Another BOLD proposal, the “Biological Oxidant and Life Detection” mission, would send six small probes to Mars to look for life. When the mission was proposed a few years ago, researchers estimated it could launch as early as 2018 and could cost less than $300 million, though they didn’t specify as to whether these spacecraft would be cleared to enter Special Regions.
It’s certainly possible to design spacecraft with modern materials that can withstand baking during sterilization procedures, says Conley. Many military electronics are required to operate at temperatures at or higher than Viking had to withstand in the cleanroom.

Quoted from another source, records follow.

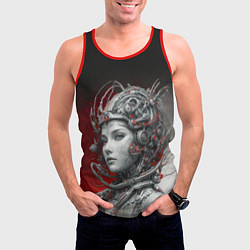Майка-безрукавка мужская Девушка в кибернетическом шлеме, цвет: 3D-красный — фото 2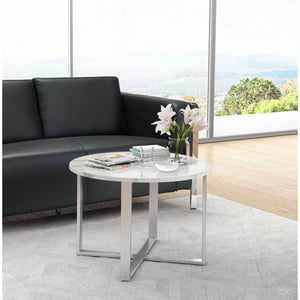 Globe End Table Stone & Stainless Steel - Stone & Brushed Stainless Steel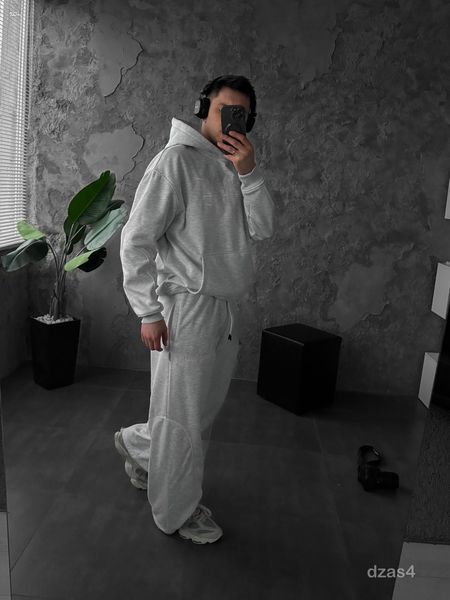 Чоловічий oversize спортивний костюм у світло-сірому кольорі dzas4n фото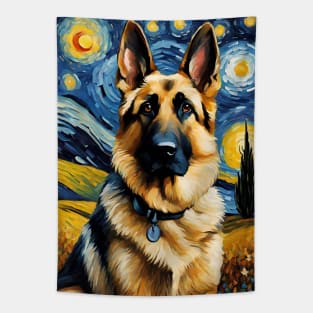 German Shepherd Dog Breed in a Van Gogh Starry Night Art Style Tapestry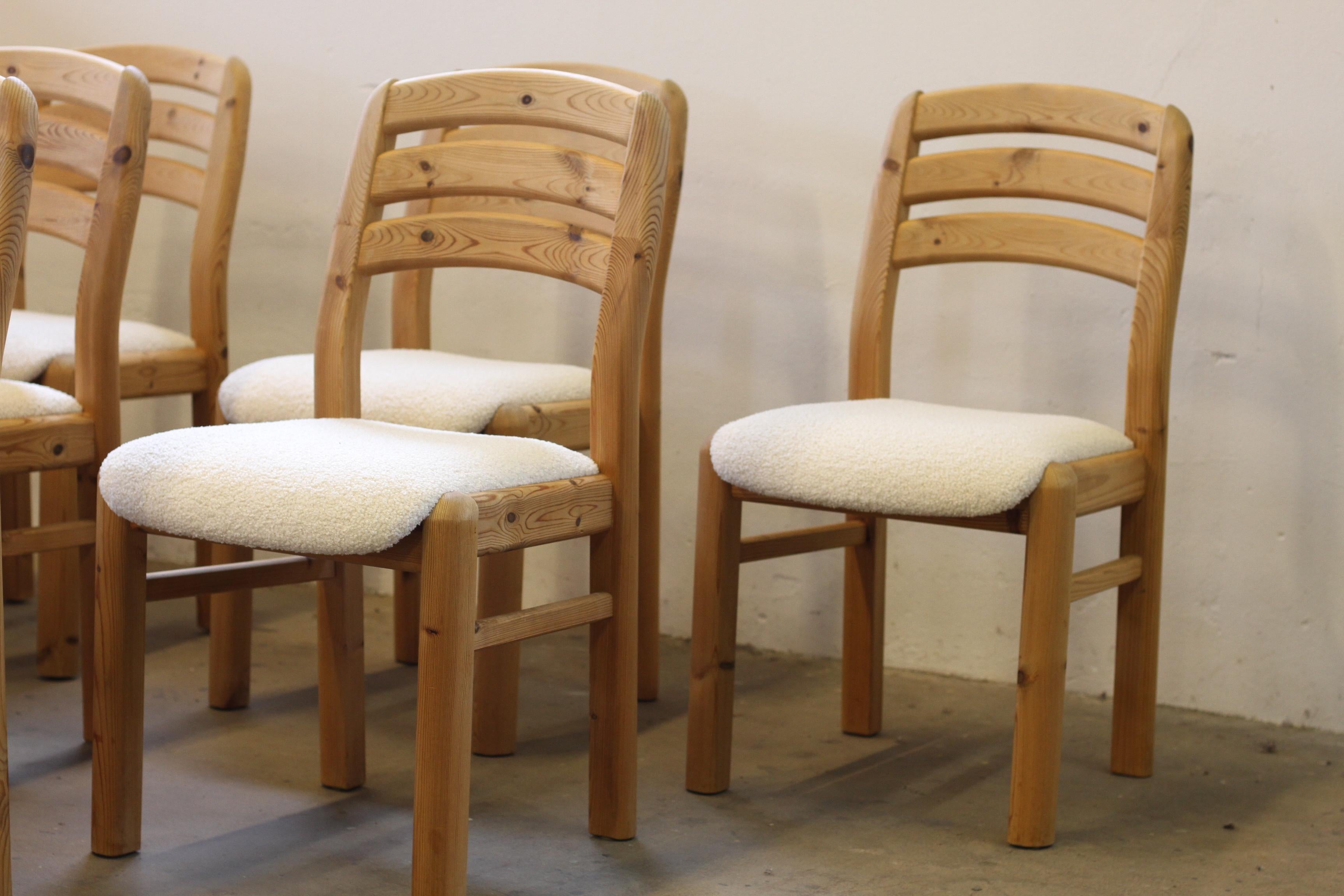 Late 20th Century Danish Pine Wood Dining Chairs 1970s/80s by Dyrlund For Sale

Still, the process requires a lot of care, since materials can expand or contract, or even break under extreme heat.
And of course, designing spacecraft components is just one part of organizing a life-detection mission. Funding will also be an issue, with NASA’s dwindling budget.
What may prove to be even trickier is deciding what’s the best way to test for life—should we look for DNA-based life, for example, or would Martian life be entirely different from our own biology?—as well as interpreting the data we get back. Scientists are still debating whether the Viking landers detected life on Mars back in 1976. If we want to send astronauts to Mars in the 2030s, we can’t spend another 40 years arguing.